Top of Data to examine

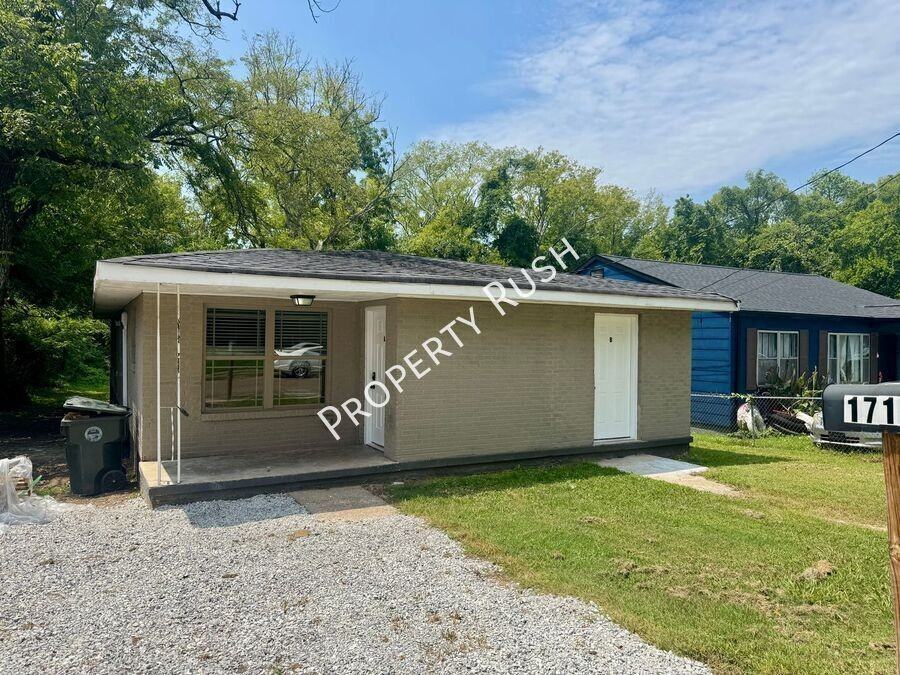 1718 Portland St #A - Photo 3 of 24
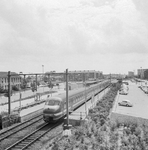 155018 Afbeelding van een electrisch treinstel mat. 1964 (plan T) van de N.S. langs het perron van het N.S.-station ...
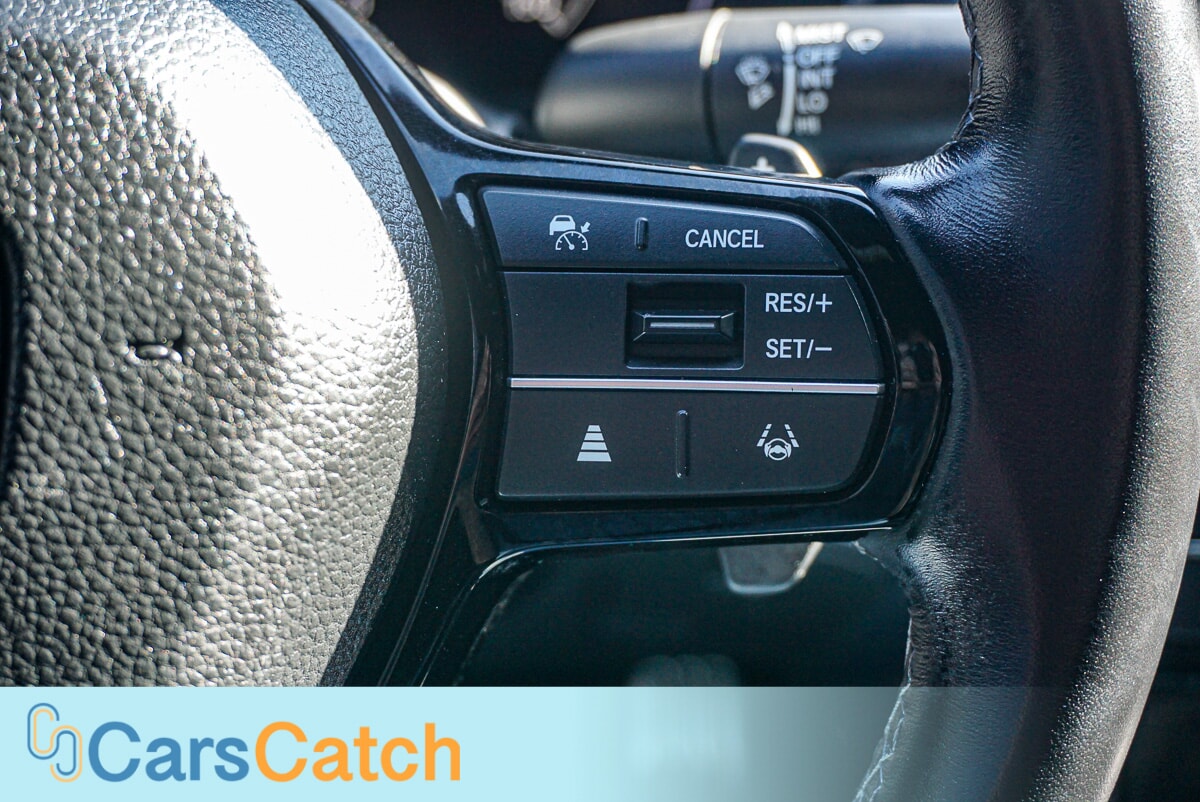 CARSCATCH  - Used vehicle - SEDAN HONDA CIVIC 2023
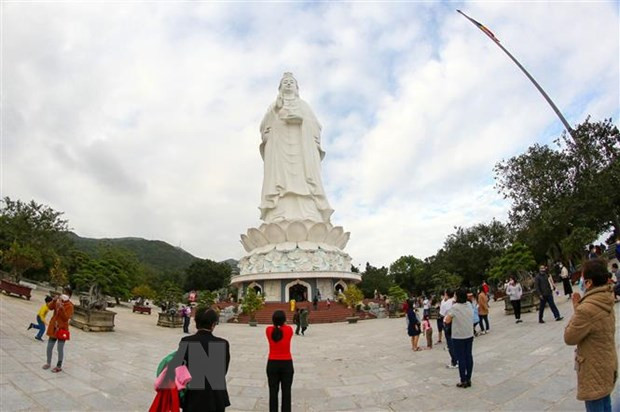 Khách du lịch tham quan chùa Linh Ứng. Ảnh: Trần Lê Lâm/TTXVN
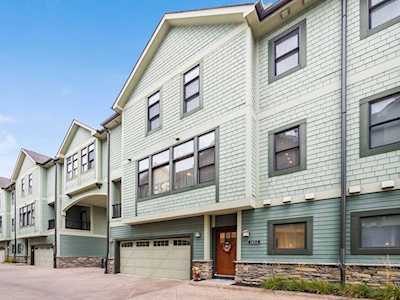 1453 Mews Court Columbus, OH 43212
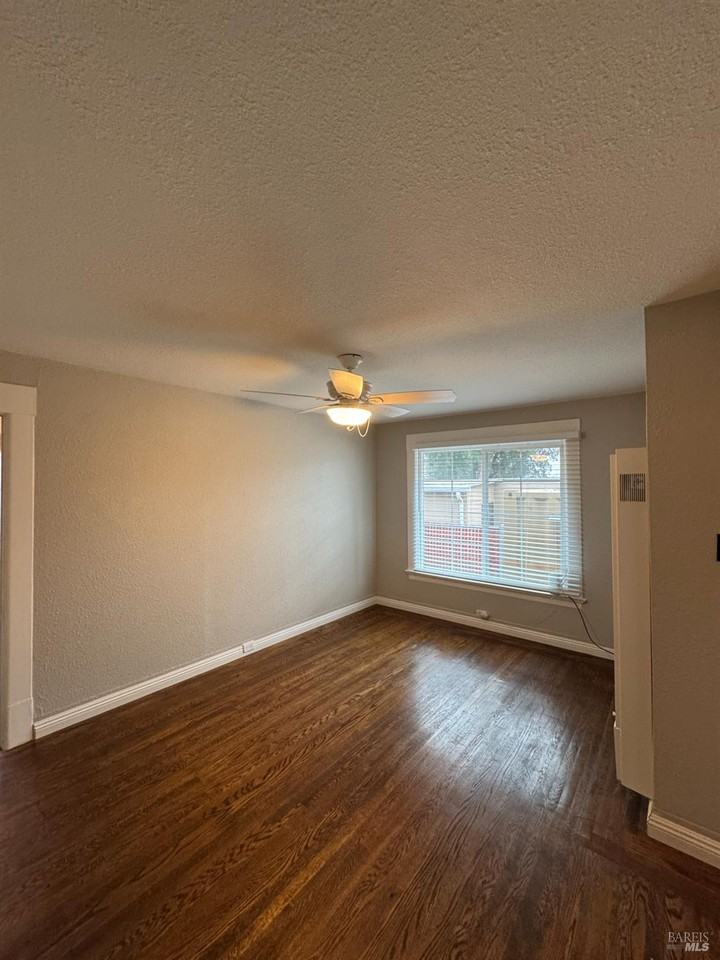 714 Carolina St #714 - Photo 2 of 21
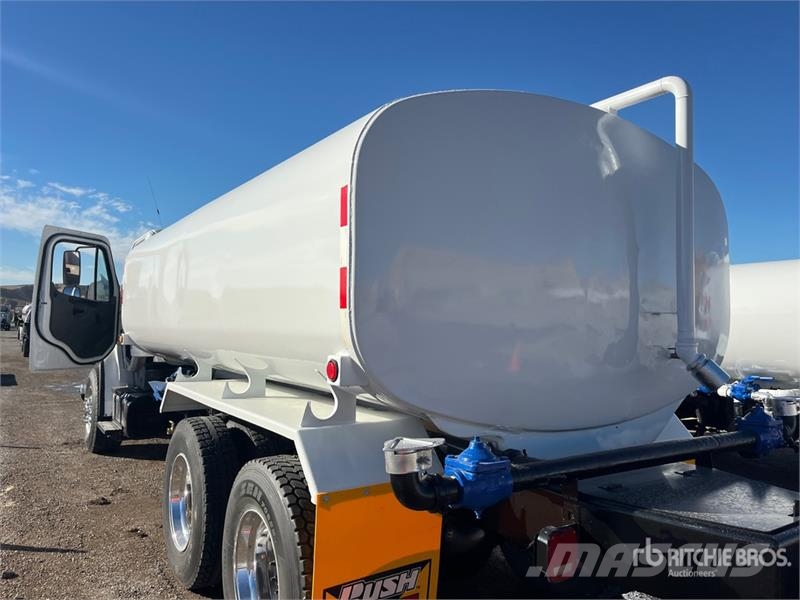 Freightliner M2 106 6x4 Water Truck Su tankerleri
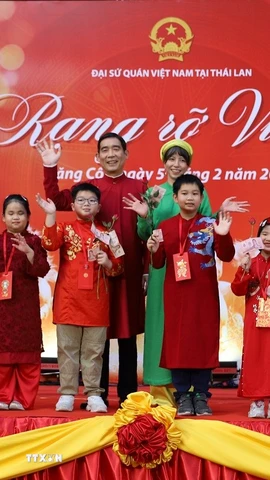 Đại sứ Phạm Việt Hùng và phu nhân Hồ Thị Thu Trang cùng các cháu thiếu nhi là con em cán bộ nhân viên Đại sứ quán. (Ảnh: Đỗ Sinh/TTXVN)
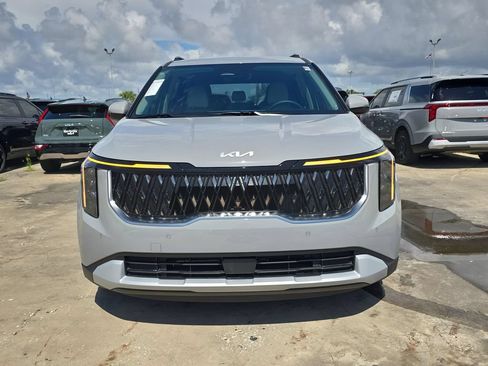 New 2026 Kia Carnival EX FWD image 3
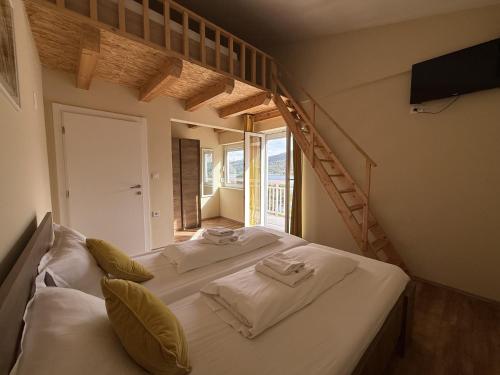 Afbeelding uit fotogalerij van Max Gastro Beach House in Marina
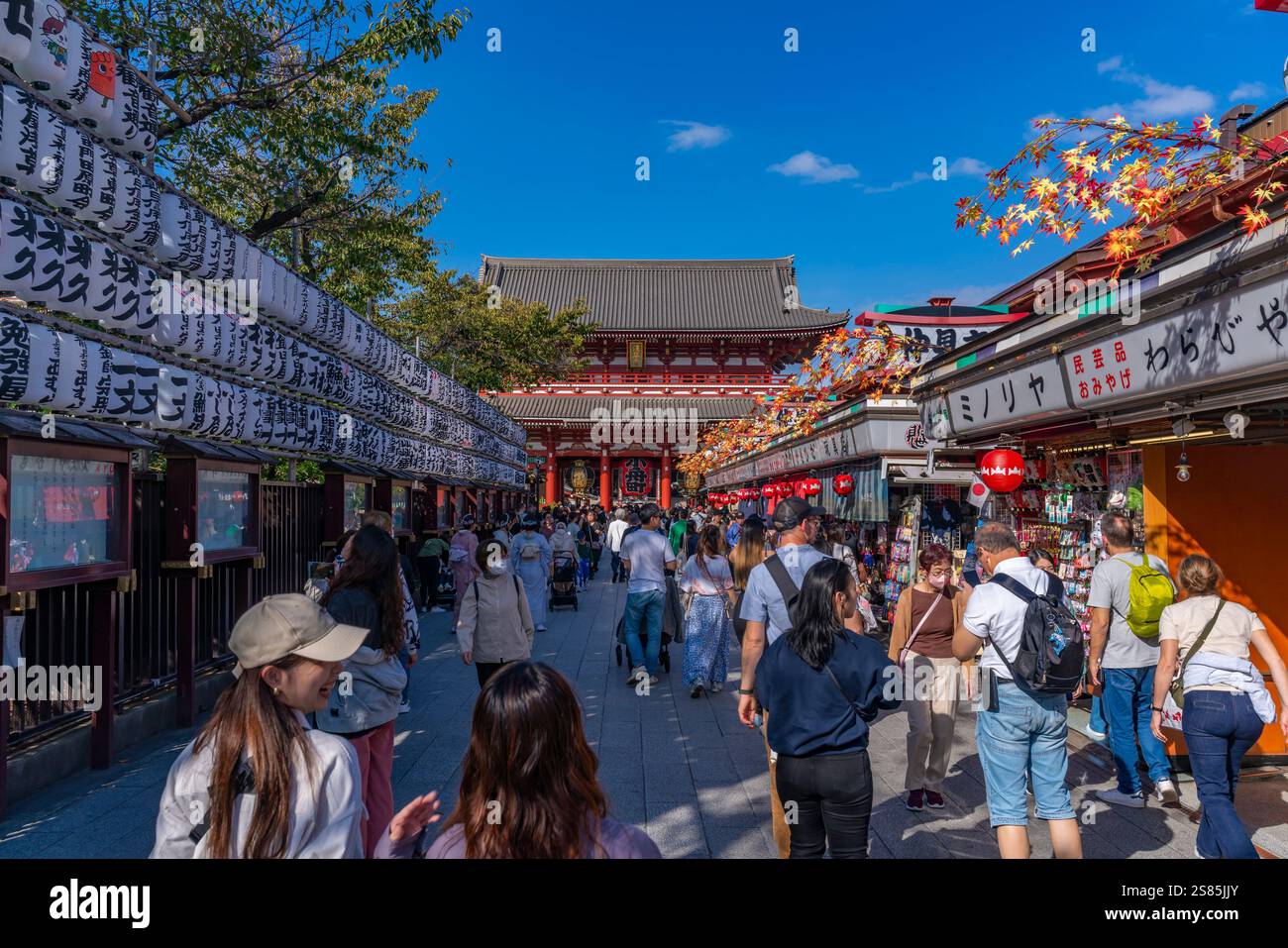 Shopping street leading senso ji temple hi-res stock photography and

Bottom of Data to examine

• Work instruction: Would you set down the listing exactly, omitting pictures?

• Written response:
 1718 Portland St #A - Photo 3 of 24
 155018 Afbeelding van een electrisch treinstel mat. 1964 (plan T) van de N.S. langs het perron van het N.S.-station ...
 CARSCATCH  - Used vehicle - SEDAN HONDA CIVIC 2023
 Khách du lịch tham quan chùa Linh Ứng. Ảnh: Trần Lê Lâm/TTXVN
 1453 Mews Court Columbus, OH 43212
 714 Carolina St #714 - Photo 2 of 21
 Freightliner M2 106 6x4 Water Truck Su tankerleri
 Đại sứ Phạm Việt Hùng và phu nhân Hồ Thị Thu Trang cùng các cháu thiếu nhi là con em cán bộ nhân viên Đại sứ quán. (Ảnh: Đỗ Sinh/TTXVN)
 New 2026 Kia Carnival EX FWD image 3
 Afbeelding uit fotogalerij van Max Gastro Beach House in Marina
 Shopping street leading senso ji temple hi-res stock photography and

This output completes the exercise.